### WHAT IS NEEDED
Everything in the records below must be repeated exactly, except the pictures.
━━ EXERCISE INPUTS
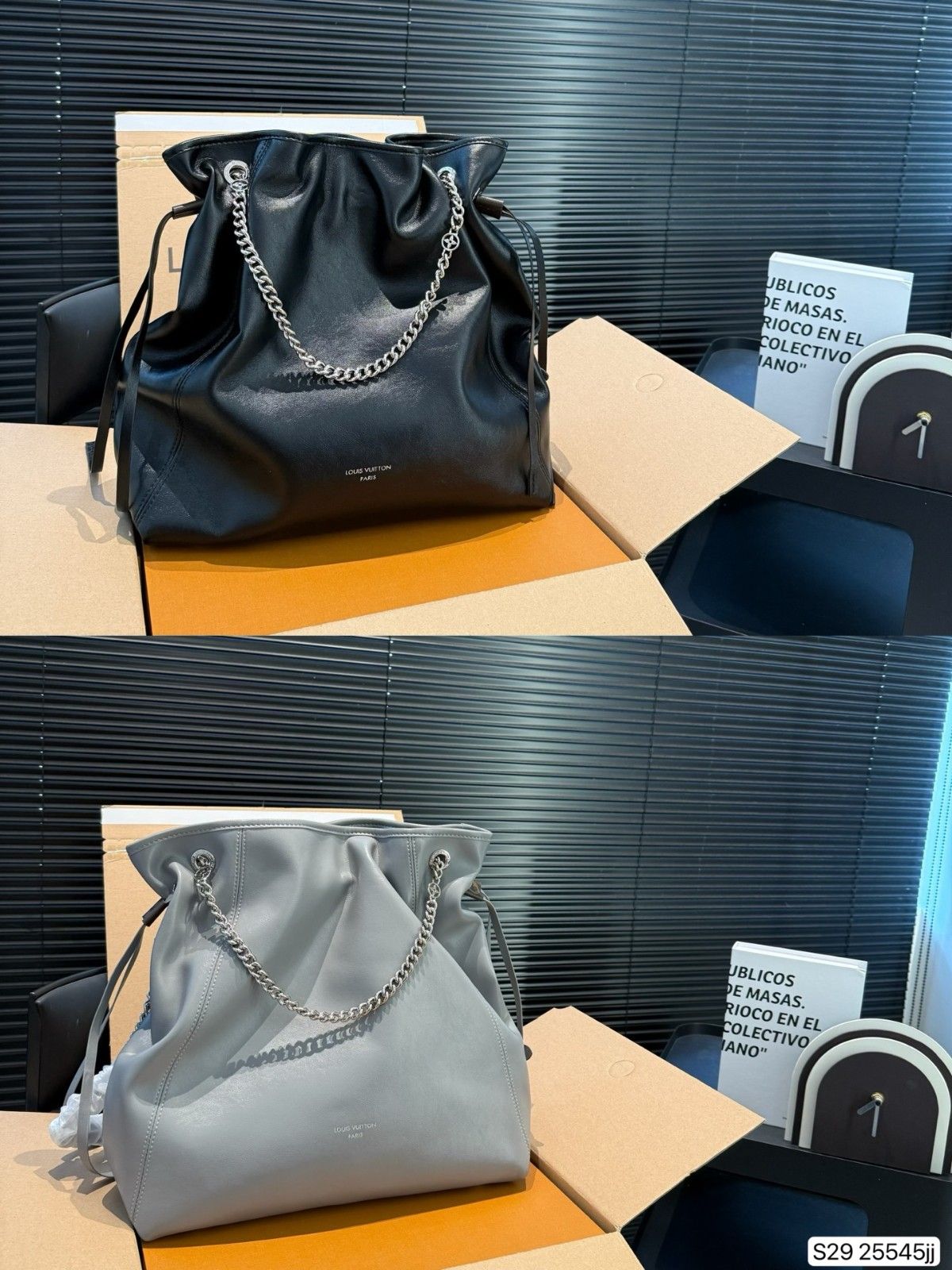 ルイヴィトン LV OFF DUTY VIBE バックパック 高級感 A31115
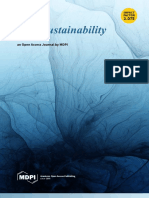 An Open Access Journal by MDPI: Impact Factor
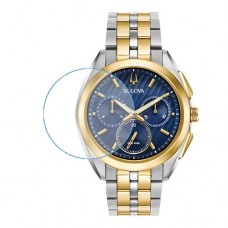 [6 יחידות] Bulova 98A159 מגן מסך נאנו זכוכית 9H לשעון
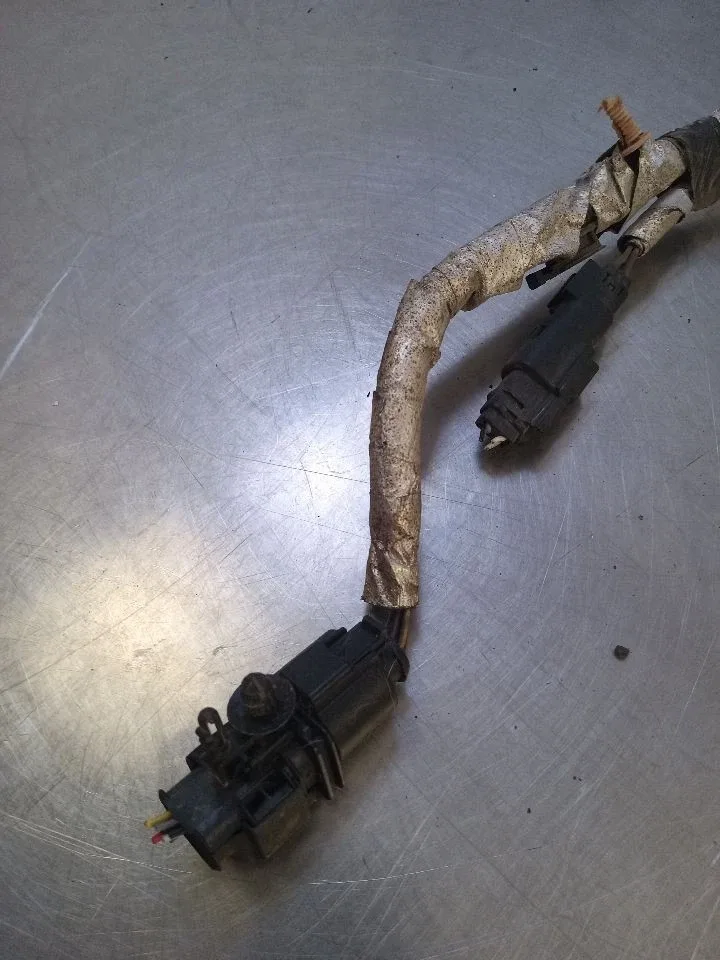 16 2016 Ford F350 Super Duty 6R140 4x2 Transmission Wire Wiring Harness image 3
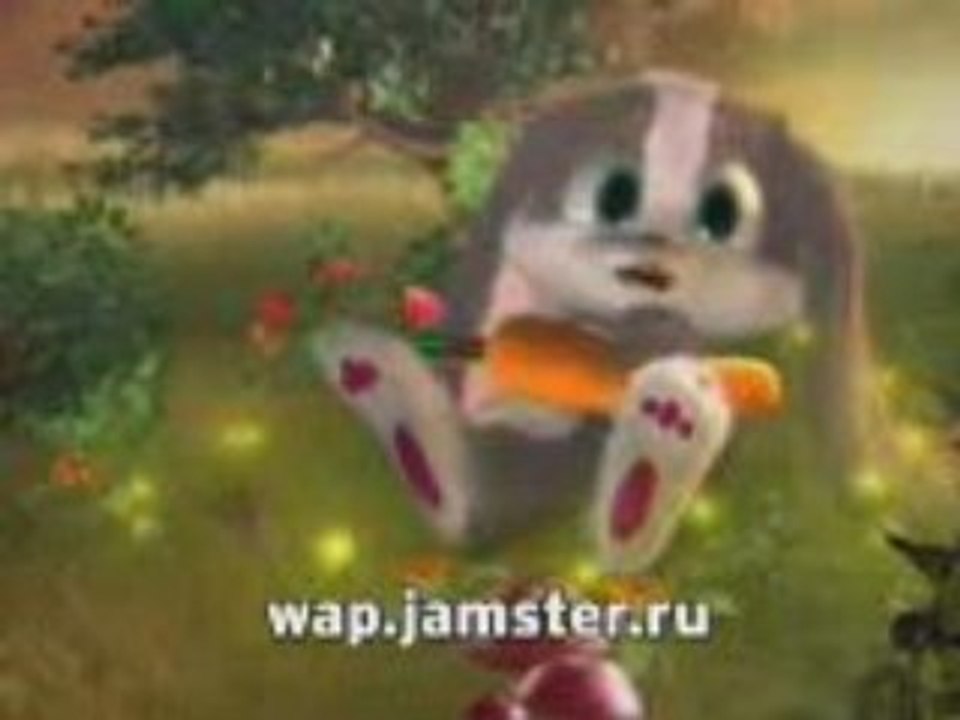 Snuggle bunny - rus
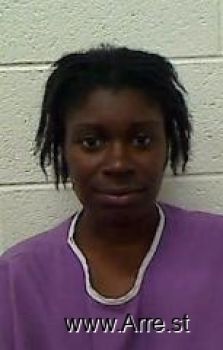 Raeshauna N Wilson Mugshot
━━━━
### RESPONSE BELOW
 ルイヴィトン LV OFF DUTY VIBE バックパック 高級感 A31115
 An Open Access Journal by MDPI: Impact Factor
 [6 יחידות] Bulova 98A159 מגן מסך נאנו זכוכית 9H לשעון
 16 2016 Ford F350 Super Duty 6R140 4x2 Transmission Wire Wiring Harness image 3
 Snuggle bunny - rus
 Raeshauna N Wilson Mugshot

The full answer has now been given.